Und da sind Körperstrafen kaum/nicht vorhanden und es gibt eigentlich auch keine "Offizialdelikte" und auch kein staatliches Gewaltmonopol.
Wir können allerdings aus den Tacitus-Berichten schließen, dass sich römisches und germanisches Recht stark unterschieden haben. Ein Beispiel aus der Germania:

"Übrigens hat weder zum Strafen, noch zum Binden, noch auch zum Züchtigen irgend jemand die Befugnis außer den Priestern, und auch diese nicht wie zur Strafe oder auf des Anführers Geheiß, sondern gleichsam auf Befehl des Gottes, von dem sie glauben, dass er den Kämpfenden zur Seite steht..."

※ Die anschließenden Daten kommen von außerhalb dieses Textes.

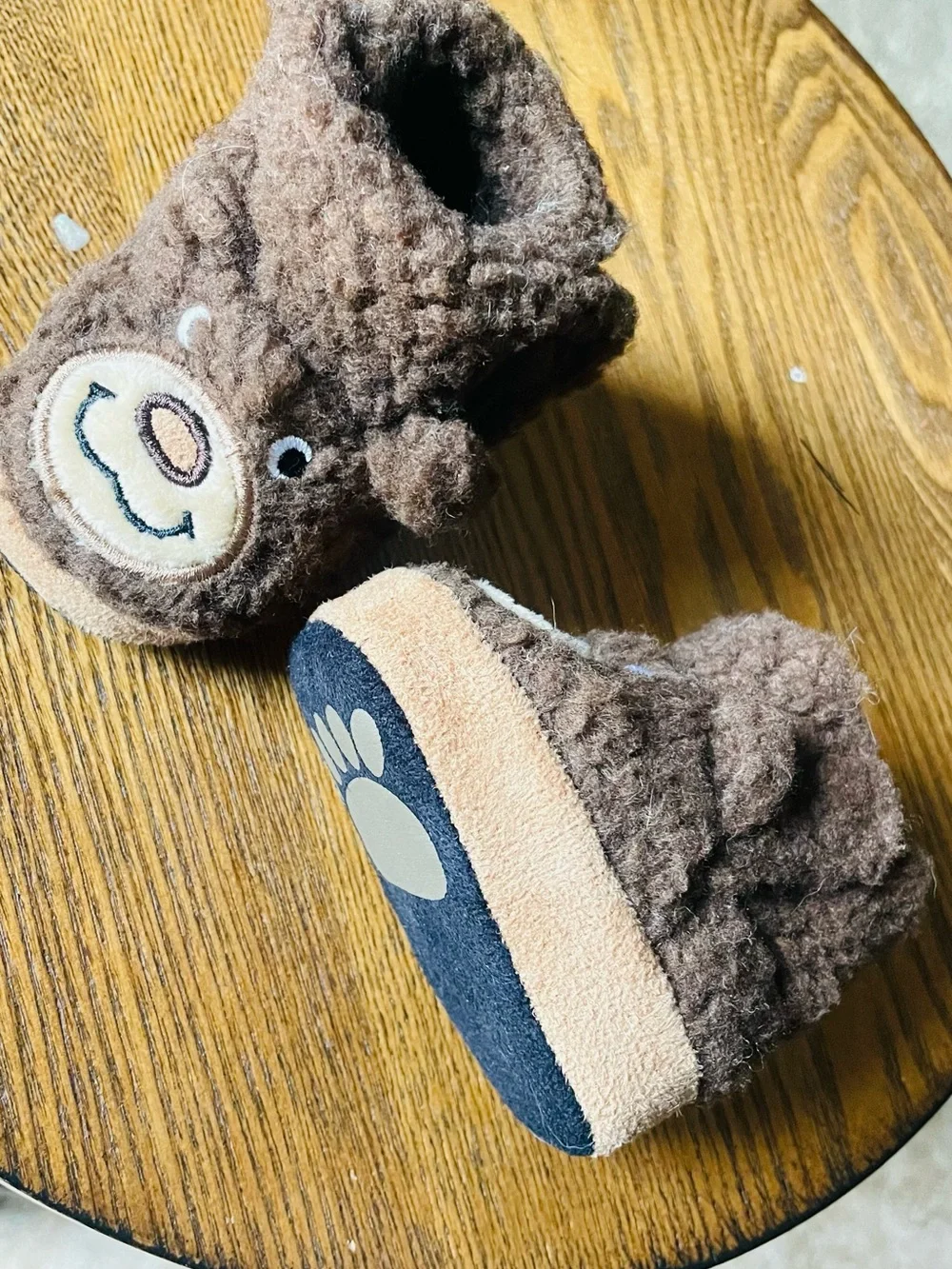 BearPaw Brown Teddy Bear Plush Kids Boots
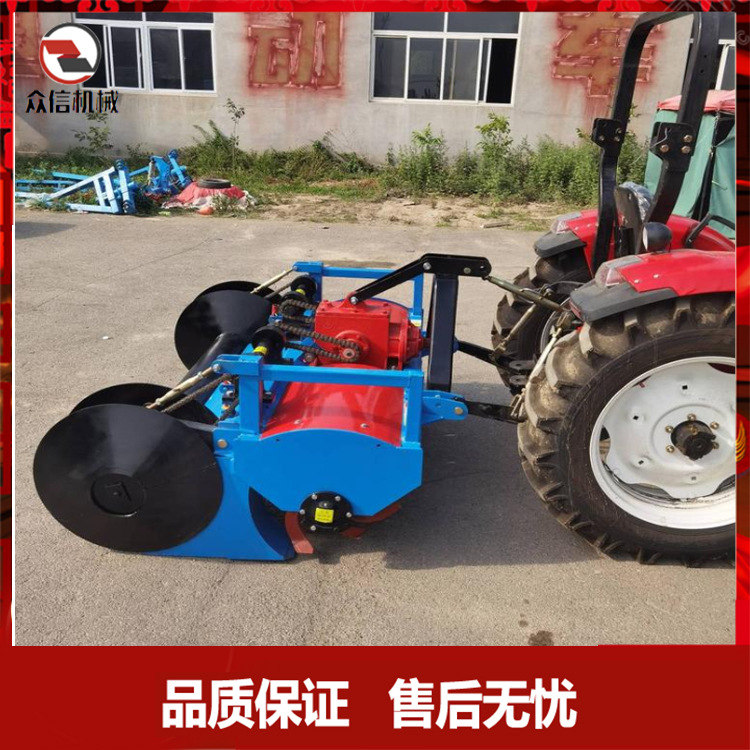 四轮拖拉机旋耕起垄一体机苗床机筑埂机起垄机蔬菜育床机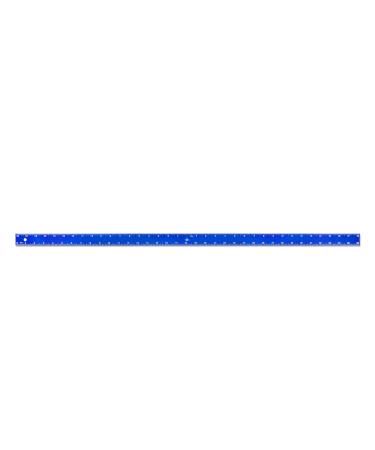 Alumicolor Aluminum Straight Edge with Center Finding Back  36IN  Blue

Dass Tacitus dies im Zusammenhang mit seinen Schilderungen über die Befugnisse von germanischen "Königen" für erwähnenswert hält, kann man nur so auslegen, dass es ihm ungewöhnlich erschien. Daraus wiederum muss man schließen, dass die Römer solches Strafen, Binden und Züchtigen für ganz normal hielten. Wir wissen ja auch aus anderen Quellen, dass die Römer ziemlich drakonische Bestrafungen "mochten".

MfG
 
Frauen und Kinder? Ich meine, irgendwo gelesen zu haben, dass der Friesenaufstand losbrach, weil die Römer darauf bestanden, Rinderhäute mit einer bestimmten Mindestgröße als Tribut geliefert zu bekommen - und zwar einer Größe, die die Friesen einfach nicht liefern konnten, weil ihre Rinder erbärmlich klein waren. Um zu beweisen, dass ihre Rinder nicht groß genug sind, um Häute der geforderten Größe abzuliefern, sollen die Friesen lebende Rinder nach Rom getrieben haben. Erst als auch das nicht fruchtete, erhoben sie sich und machten alle Römer in ihrem Gebiet nieder. Stand das bei Tacitus? Germania?
Annales 4,72-73

Von nach Rom getriebenen Rindern steht dort allerdings nichts, hingegen tatsächlich von Frauen und Kindern.
 
Wir können allerdings aus den Tacitus-Berichten schließen, dass sich römisches und germanisches Recht stark unterschieden haben. Ein Beispiel aus der Germania:

"Übrigens hat weder zum Strafen, noch zum Binden, noch auch zum Züchtigen irgend jemand die Befugnis außer den Priestern, und auch diese nicht wie zur Strafe oder auf des Anführers Geheiß, sondern gleichsam auf Befehl des Gottes, von dem sie glauben, dass er den Kämpfenden zur Seite steht..."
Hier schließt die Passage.